Blog

juillet 12, 2023

Paige’s Research Propels AI Utilization in Pathology

Digital pathology and AI have the potential to radically transform the field of pathology for the better – and while this has become more widely known over the past few years, in practice, rigorous scientific and clinical research must first prove the safety and value of such technology before full-scale adoption can be realized.

Since it was founded, Paige has been at the forefront of this effort, conducting groundbreaking research and uncovering never-before-seen insights that have set the stage for the next era of pathology. Our work first proved that computational pathology was possible, and today continues to demonstrate the immense value of AI for detecting cancers, identifying biomarkers, and enhancing routine pathology practice.

For clinicians, our research offers a level of trust in Paige products, proving that we are consistently experimenting and improving to ensure we deliver the best possible tools for diagnosis. For the industry at large, we hope that this research accelerates the adoption of digital pathology and AI, and therefore positively impacts the entire cancer care continuum.

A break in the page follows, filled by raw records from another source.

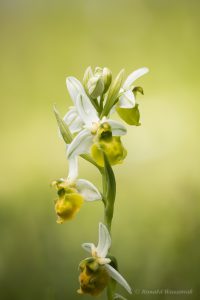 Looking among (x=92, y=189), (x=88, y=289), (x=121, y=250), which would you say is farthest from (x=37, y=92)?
(x=88, y=289)

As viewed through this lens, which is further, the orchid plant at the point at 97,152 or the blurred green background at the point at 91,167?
the blurred green background at the point at 91,167

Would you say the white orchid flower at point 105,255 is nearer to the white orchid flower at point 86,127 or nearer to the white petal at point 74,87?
the white orchid flower at point 86,127

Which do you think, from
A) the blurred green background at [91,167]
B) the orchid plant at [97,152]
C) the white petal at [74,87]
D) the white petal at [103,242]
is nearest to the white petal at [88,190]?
the orchid plant at [97,152]

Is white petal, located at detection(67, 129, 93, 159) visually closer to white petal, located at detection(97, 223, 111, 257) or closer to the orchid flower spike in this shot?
the orchid flower spike

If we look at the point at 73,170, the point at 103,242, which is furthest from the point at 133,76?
the point at 103,242

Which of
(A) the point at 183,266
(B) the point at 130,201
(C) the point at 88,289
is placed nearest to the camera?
(C) the point at 88,289

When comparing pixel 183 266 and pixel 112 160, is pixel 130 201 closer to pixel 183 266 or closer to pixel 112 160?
pixel 183 266

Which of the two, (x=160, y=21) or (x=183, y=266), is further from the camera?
(x=160, y=21) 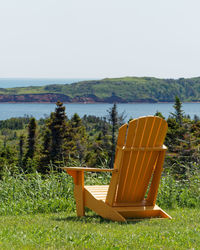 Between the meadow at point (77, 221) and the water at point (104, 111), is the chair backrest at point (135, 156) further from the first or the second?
the water at point (104, 111)

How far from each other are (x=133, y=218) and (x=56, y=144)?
43.3 metres

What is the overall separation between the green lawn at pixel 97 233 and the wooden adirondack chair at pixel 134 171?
17 cm

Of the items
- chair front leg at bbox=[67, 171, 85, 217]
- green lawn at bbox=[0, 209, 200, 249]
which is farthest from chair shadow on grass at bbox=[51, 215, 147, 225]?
chair front leg at bbox=[67, 171, 85, 217]

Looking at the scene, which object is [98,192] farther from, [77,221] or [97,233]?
[97,233]

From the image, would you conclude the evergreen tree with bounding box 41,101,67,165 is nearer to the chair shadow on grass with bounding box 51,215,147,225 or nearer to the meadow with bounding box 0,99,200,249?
the meadow with bounding box 0,99,200,249

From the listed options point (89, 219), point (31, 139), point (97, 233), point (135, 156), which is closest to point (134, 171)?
point (135, 156)

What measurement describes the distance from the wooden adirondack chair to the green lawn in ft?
0.56

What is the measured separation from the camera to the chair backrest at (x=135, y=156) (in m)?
4.07

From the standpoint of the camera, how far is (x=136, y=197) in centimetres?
451

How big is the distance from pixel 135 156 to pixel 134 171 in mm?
212

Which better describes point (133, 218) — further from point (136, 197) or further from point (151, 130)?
point (151, 130)

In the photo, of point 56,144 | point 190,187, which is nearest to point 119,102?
point 56,144

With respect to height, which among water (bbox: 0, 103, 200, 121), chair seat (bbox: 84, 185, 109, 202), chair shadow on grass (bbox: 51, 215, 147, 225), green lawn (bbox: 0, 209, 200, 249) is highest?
chair seat (bbox: 84, 185, 109, 202)

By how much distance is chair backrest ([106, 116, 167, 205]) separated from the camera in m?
4.07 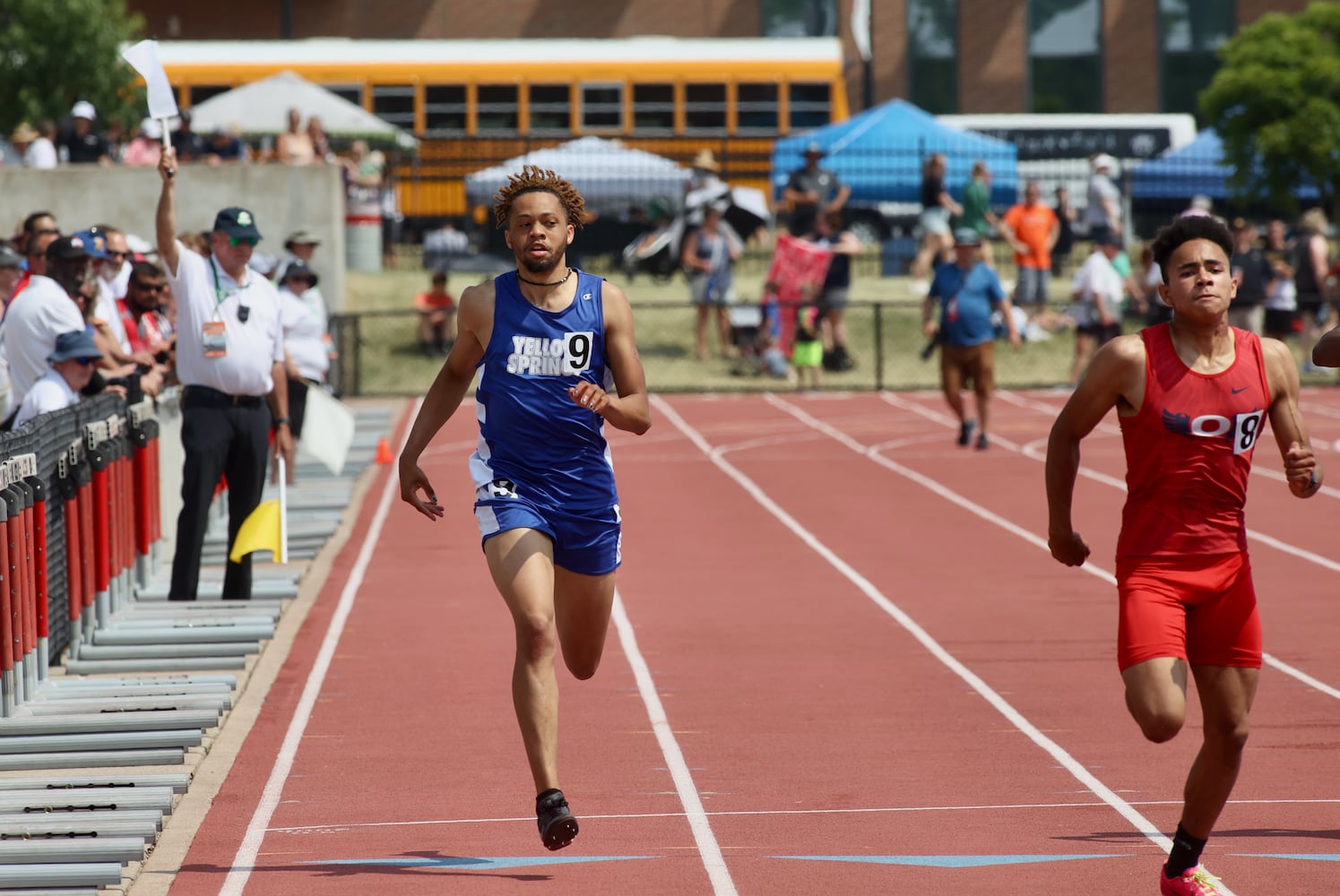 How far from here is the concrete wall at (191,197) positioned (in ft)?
87.9

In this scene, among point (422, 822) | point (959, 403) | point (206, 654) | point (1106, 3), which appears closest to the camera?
point (422, 822)

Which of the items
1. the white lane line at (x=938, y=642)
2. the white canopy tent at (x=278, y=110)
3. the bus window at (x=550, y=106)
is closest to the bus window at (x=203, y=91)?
the white canopy tent at (x=278, y=110)

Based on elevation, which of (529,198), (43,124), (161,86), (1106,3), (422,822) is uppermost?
(1106,3)

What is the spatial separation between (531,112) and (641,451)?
58.1 feet

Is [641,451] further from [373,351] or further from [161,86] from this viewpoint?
[161,86]

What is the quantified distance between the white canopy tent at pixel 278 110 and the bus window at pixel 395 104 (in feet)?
13.4

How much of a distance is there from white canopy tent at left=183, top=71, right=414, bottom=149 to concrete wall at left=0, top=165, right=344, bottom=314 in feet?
16.8

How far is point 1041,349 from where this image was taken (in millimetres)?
30016

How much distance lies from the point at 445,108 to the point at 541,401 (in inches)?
1273

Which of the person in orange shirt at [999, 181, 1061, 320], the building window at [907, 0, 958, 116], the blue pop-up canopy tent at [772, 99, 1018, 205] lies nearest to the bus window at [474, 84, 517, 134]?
the blue pop-up canopy tent at [772, 99, 1018, 205]

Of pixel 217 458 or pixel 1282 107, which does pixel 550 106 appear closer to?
pixel 1282 107

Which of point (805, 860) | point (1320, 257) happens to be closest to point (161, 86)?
point (805, 860)

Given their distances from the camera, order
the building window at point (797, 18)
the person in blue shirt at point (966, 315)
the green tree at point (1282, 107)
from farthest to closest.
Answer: the building window at point (797, 18) < the green tree at point (1282, 107) < the person in blue shirt at point (966, 315)

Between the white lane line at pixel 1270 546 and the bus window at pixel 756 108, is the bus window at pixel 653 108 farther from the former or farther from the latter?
the white lane line at pixel 1270 546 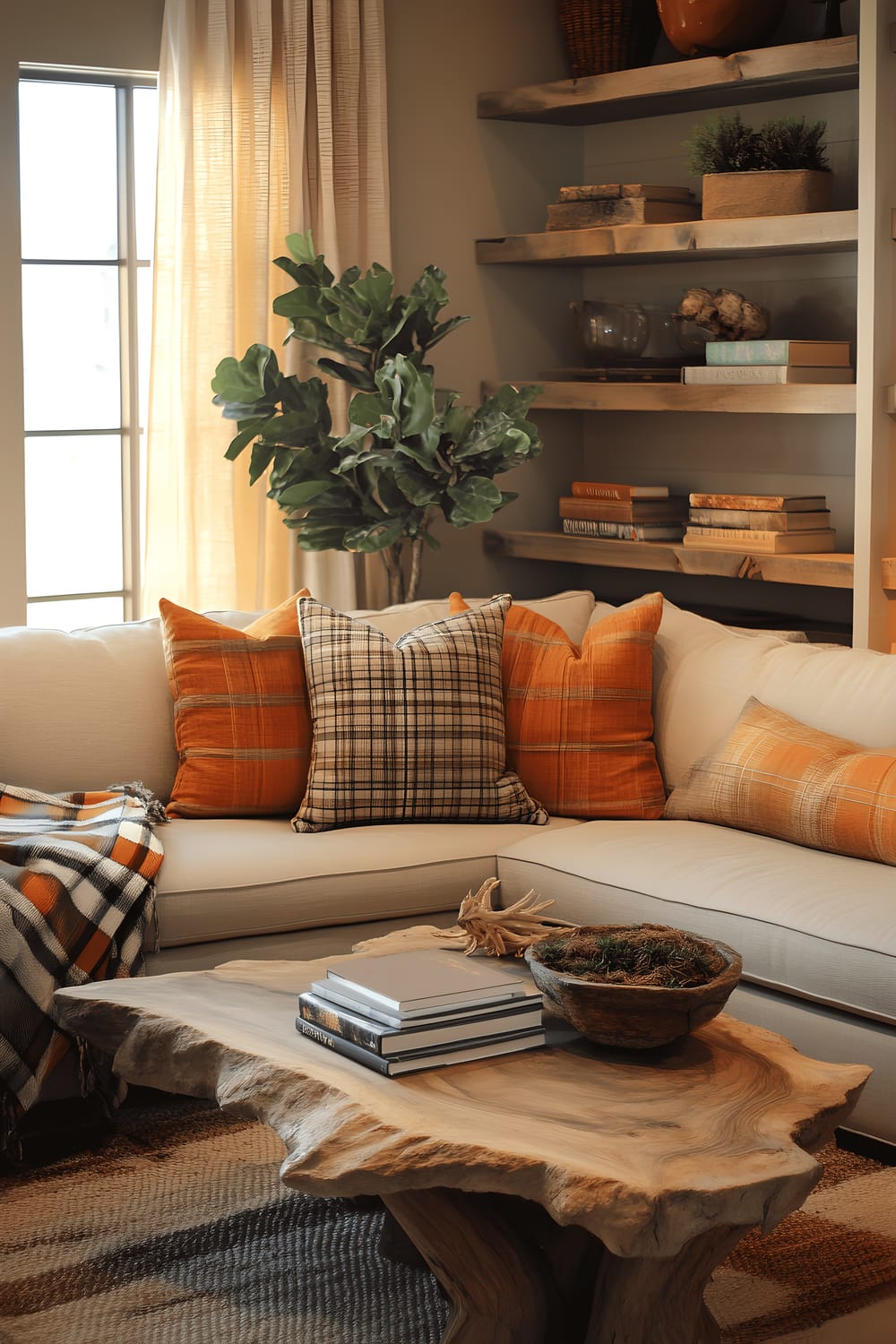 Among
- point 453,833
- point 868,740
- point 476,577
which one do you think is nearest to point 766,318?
point 476,577

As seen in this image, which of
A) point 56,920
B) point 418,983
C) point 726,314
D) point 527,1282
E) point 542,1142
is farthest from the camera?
point 726,314

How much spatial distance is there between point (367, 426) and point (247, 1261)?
2.43 metres

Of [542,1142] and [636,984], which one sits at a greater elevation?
[636,984]

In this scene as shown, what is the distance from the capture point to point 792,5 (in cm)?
448

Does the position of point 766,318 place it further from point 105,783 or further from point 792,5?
point 105,783

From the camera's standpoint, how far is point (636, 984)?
1836mm

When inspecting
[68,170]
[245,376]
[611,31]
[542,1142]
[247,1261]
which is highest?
[611,31]

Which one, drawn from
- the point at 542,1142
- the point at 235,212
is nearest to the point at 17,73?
the point at 235,212

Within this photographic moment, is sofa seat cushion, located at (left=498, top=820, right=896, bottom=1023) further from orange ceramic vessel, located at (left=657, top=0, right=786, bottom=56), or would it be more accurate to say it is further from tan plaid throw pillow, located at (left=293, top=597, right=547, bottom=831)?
orange ceramic vessel, located at (left=657, top=0, right=786, bottom=56)

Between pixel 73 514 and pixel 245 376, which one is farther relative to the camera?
pixel 73 514

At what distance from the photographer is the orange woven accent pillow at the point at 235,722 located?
3143 mm

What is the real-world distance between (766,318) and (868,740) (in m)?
1.78

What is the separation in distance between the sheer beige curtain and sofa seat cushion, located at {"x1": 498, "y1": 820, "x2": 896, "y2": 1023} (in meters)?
1.82

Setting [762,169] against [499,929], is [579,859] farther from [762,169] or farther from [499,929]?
[762,169] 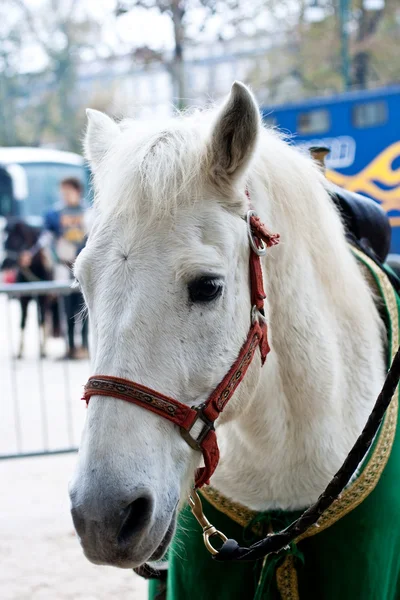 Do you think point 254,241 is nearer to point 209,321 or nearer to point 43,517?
point 209,321

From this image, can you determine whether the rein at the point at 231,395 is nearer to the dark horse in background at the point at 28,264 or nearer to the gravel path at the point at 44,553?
the gravel path at the point at 44,553

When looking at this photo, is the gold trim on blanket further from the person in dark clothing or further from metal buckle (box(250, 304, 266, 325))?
the person in dark clothing

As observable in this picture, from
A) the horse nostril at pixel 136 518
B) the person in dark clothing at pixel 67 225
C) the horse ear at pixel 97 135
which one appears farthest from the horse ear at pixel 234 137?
the person in dark clothing at pixel 67 225

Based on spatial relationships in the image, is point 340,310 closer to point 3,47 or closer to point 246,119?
point 246,119

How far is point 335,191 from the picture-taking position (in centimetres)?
250

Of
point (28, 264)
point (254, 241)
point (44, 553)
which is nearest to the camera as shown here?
point (254, 241)

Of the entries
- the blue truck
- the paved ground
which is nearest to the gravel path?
the paved ground

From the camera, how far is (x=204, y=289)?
5.34ft

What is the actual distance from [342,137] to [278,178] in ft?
35.9

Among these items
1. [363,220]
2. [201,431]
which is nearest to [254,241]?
[201,431]

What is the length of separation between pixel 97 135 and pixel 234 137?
58cm

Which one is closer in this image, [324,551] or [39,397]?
[324,551]

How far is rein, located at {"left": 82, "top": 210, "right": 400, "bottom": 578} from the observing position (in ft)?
5.10

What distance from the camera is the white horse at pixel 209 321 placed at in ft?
5.02
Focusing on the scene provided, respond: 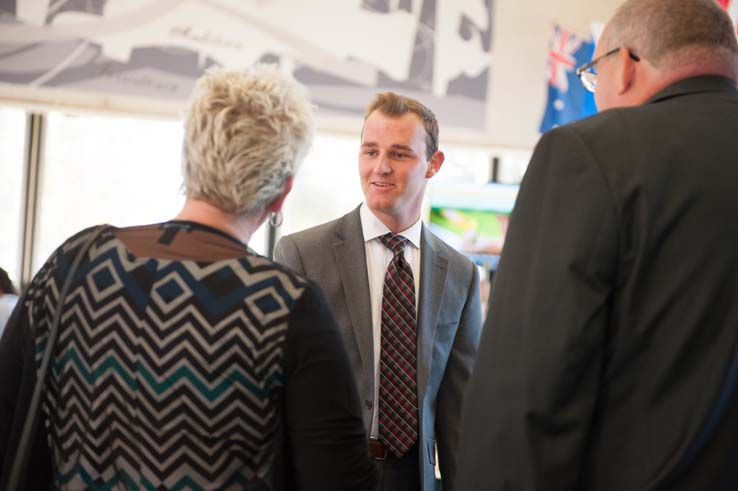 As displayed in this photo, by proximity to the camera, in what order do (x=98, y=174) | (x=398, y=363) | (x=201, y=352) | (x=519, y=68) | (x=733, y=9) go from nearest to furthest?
(x=201, y=352), (x=398, y=363), (x=733, y=9), (x=98, y=174), (x=519, y=68)

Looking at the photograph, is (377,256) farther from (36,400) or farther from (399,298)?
(36,400)

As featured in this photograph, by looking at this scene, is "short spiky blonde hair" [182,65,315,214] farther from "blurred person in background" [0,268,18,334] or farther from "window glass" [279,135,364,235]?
"window glass" [279,135,364,235]

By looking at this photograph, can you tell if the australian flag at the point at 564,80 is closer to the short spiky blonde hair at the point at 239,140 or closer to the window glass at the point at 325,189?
the window glass at the point at 325,189

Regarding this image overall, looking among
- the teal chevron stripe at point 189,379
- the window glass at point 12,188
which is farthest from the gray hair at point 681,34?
the window glass at point 12,188

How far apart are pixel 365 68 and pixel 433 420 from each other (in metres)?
3.76

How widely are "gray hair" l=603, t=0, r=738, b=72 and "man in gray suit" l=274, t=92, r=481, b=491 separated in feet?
3.53

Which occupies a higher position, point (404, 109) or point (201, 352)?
point (404, 109)

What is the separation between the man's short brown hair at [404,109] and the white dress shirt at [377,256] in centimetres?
27

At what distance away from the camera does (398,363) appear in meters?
2.35

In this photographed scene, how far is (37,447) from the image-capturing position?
1.44 m

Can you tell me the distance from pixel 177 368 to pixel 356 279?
1.10m

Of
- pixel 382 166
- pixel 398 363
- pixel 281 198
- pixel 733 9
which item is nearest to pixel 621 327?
pixel 281 198

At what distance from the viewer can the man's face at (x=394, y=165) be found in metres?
2.54

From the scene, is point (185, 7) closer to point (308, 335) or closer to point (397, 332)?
point (397, 332) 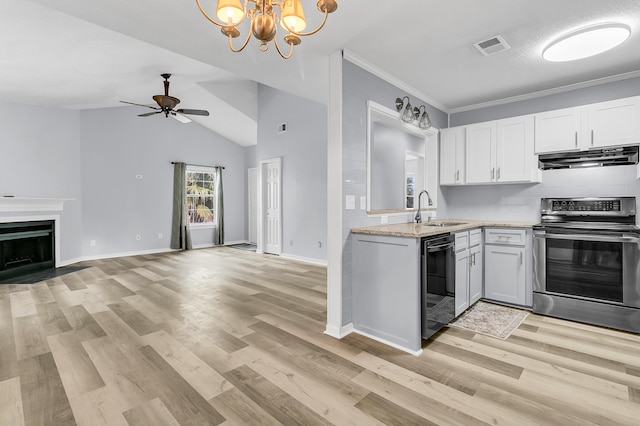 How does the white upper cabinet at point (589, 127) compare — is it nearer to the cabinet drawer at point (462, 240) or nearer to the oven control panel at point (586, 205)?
the oven control panel at point (586, 205)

Here’s a look at some of the ground-breaking research that has been conducted by Paige:

AI Development

Joint Breast Neoplasm Detection and Subtyping using Multi-Resolution Network Trained on Large-Scale H&E Whole Slide Images with Weak Labels1

Based on findings accumulated through years of research and development while building Paige’s clinical products, this is the first technical publication originated from the Paige team alone, an exciting feat for our hardworking technical team.

The paper aimed to identify an approach for overcoming the problem of traditional AI training methods that require time-consuming manual annotation, which can be infeasible for large scale datasets. We proposed a weakly supervised learning framework, specifically designed to help detect, segment, and subtype breast neoplasms, which has historically been challenging.

The research found that, without training with any manual pixel-level annotations, our weakly supervised subtyping network achieved F1 scores on-par with fully supervised CNNs trained with slides collected from unseen data sources. This approach successfully created an algorithm capable of detecting invasive ductal carcinoma (IDC), invasive lobular carcinoma (ILC), ductal carcinoma in situ (DCIS), lobular carcinoma in situ (LCIS), and atypical ductal hyperplasia (ADH), and atypical lobular hyperplasia (ALH), which could prove immensely valuable for pathologists in the diagnosis of breast cancers.

AI Utilization in the Clinic

The reading paradigm: How the sequence and presentation of AI results to pathologists influences endpoints and outcome2

Critical to the successful adoption of AI in the clinic is not only understanding how the AI itself is built, but how it should be utilized in the clinic.

This study reviewed previously conducted research on Paige Prostate products to assess how the ‘reading paradigm,’ or position within the workflow at which AI is introduced, might impact pathologists. We assessed 3 possible AI use cases, including second read, concurrent read, and pre-screening.

The study revealed that the greatest time-based efficiency gains would come from a screening use case (65.5% greater efficiency) or concurrent read (over 20% time savings). Additionally, pathologists would see increased accuracy when using AI as a concurrent read and second read. Ultimately however, there were attractive benefits to using AI in all 3 methods. These findings are an important benchmark for future comparisons and research that can further support the adoption of AI in the clinic.

AI Impacts on Accuracy and Efficiency

A deep learning artificial intelligence algorithm helps pathologists improve diagnostic accuracy and efficiency in the detection of lymph node metastases in breast cancer patients3

Lymph node metastasis detection is an area where AI might be especially valuable as it has been shown to be time-consuming and challenging for pathologists. Paige performed a study to assess how our AI application designed for the purpose of supporting pathologists in this task, Paige Breast Lymph Node, would impact pathologist performance.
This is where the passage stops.